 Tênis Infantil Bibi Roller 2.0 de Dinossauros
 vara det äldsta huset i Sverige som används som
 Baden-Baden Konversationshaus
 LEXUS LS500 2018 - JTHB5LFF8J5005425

* * *

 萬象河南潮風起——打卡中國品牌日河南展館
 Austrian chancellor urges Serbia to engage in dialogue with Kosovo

---

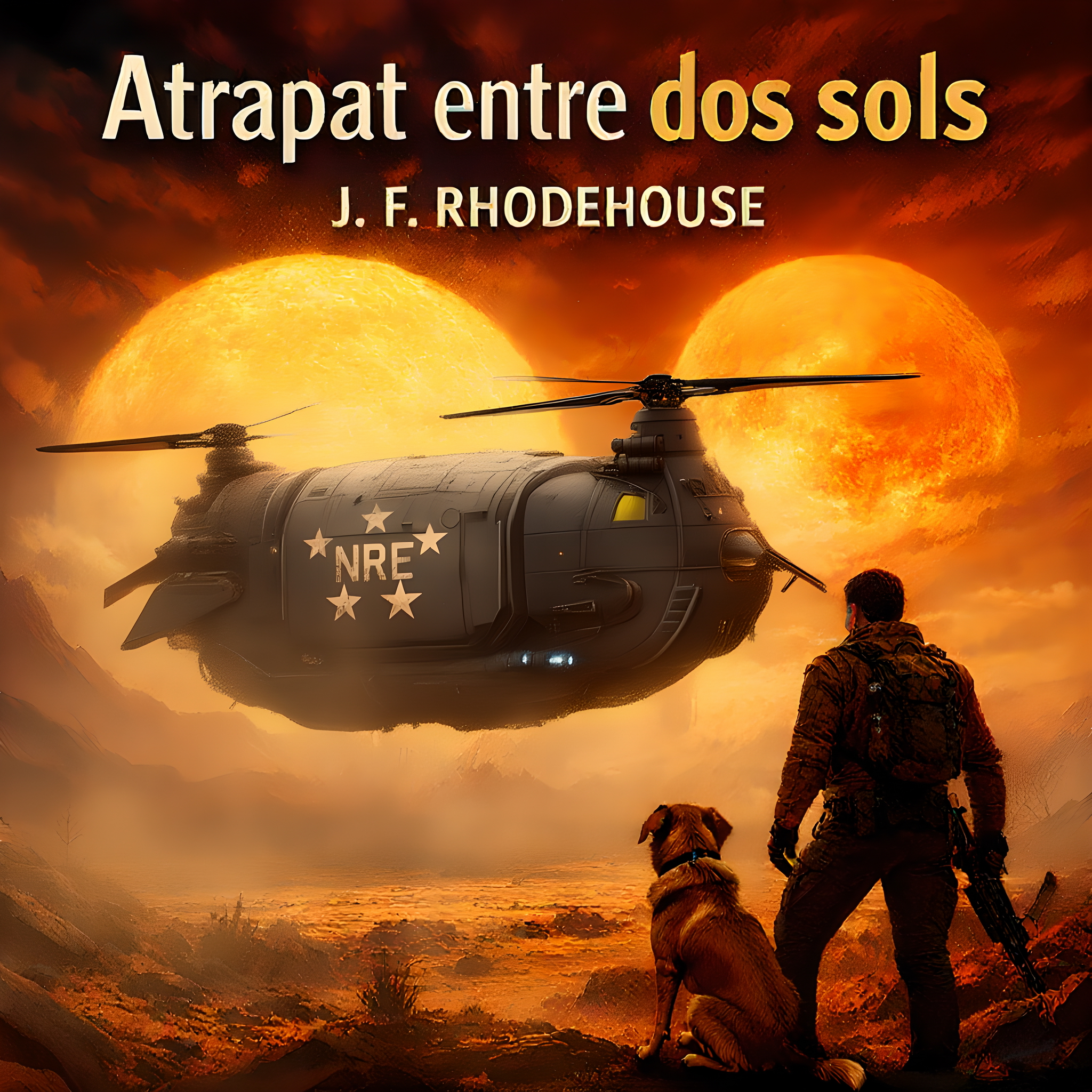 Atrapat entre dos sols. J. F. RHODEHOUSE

▸ Problem:
In the listing above, find the line with "Tênis Infantil Bibi" and the line with "LEXUS LS500 2018 - JTHB5LFF8J5005425"; set down exactly those two lines and every line between them, nothing more.

▸ Exercise response:
 Tênis Infantil Bibi Roller 2.0 de Dinossauros
 vara det äldsta huset i Sverige som används som
 Baden-Baden Konversationshaus
 LEXUS LS500 2018 - JTHB5LFF8J5005425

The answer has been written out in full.